02/01/2014 09:10 GMT | Updated 04/03/2014 05:59 GMT

Mindful Parenting - Meltdown Rescue

So what is mindful parenting? For me, it just means extending mindfulness into my life as a mum. As with all experiences of parenting, it's a very individual thing. I find it gives me a way to be a parent and a human being - through all the times I'm fallible, vulnerable, or just feeling completely at a loss. Mindfulness gives you skills that help you to cope with whatever life throws at you. And when you're parenting young children, that can literally be whatever toy or household object gets thrown at you!

There are many ways that you can bring mindful responses into your daily life, but the number one question I get asked by fellow mums is how to stay calm when your child is having a meltdown. Now, it may be true that practising mindfulness can help you develop a mental pause button, so that you can respond more calmly to stressful situations. But it's also true that mindfulness won't remove all the challenges from parenting (sorry!). And when you're sleep deprived and run ragged, then no matter how much meditation you do, it's realistic to feel less than serene when a meltdown hits. We're human after all, not robots!

You know the scene - you have to be out of the house in 10 minutes, your child won't put on their shoes and they've just spilt juice all over your laptop. You're determined to take charge and keep your cool. But before you know what's happened, they're pushing all your buttons and your ability to stay calm is being stretched past its limit. But it's not too late for a mindful response. Self-compassion is a mindful skill that can support you in just this kind of real-world situation.
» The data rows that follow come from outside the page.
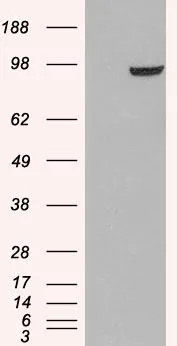 WB analysis of HEK293 overexpressing PDE5A (mock transfection in first lane) using GTX89598 PDE5A antibody, C-term.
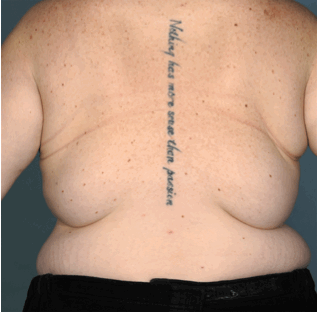 Back Lift/ Bra Roll Lift before 1143514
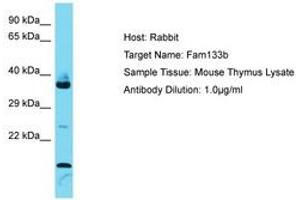 Image no. 1 for anti-Family with Sequence Similarity 133, Member B (FAM133B) (AA 101-150) antibody (ABIN6750343) (FAM133B antibody  (AA 101-150))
Here's an example of how I bring mindfulness to the more challenging moments of parenting. It took me a little practice, but this is how I respond when I need a Meltdown Rescue. Firstly, as soon as I notice I'm feeling stressed, I just stop, and put my attention on myself for a moment - acknowledging that it's hard for me. I try to offer myself some comfort for the fact that I'm finding this difficult. It's ok to find it hard. Parenting isn't exactly a walk in the park. Once I've focussed on myself, then I can extend this compassion to my child - who is also finding the situation hard. It's about cultivating a sense of 'this is hard for me, and it's hard for you'. Often this also gives me some new insight into what prompted my child's challenging behaviour, so we can avoid it next time.

Then I can choose how to move forward. This might be an apology - from either or both of us. Or it might be a hug. Living mindfully means accepting the whole range of human experience, even when we behave less than perfectly. (And would I really want my child to grow up believing that mistakes are unacceptable because he never saw me make any?)

Self-compassion isn't about having a pity party for myself, or laying a guilt trip on my child. It's about taking a moment to switch my focus from trying to win the battle, to finding an opportunity to connect with my child - as two humans who are struggling in this moment. It helps me to defuse the tension, heal the rift and avoid spending the rest of the day feeling guilty for being Grumpy Mummy. Mindful parenting doesn't stop the meltdowns from happening, but it does mean that normal service can be resumed a little quicker.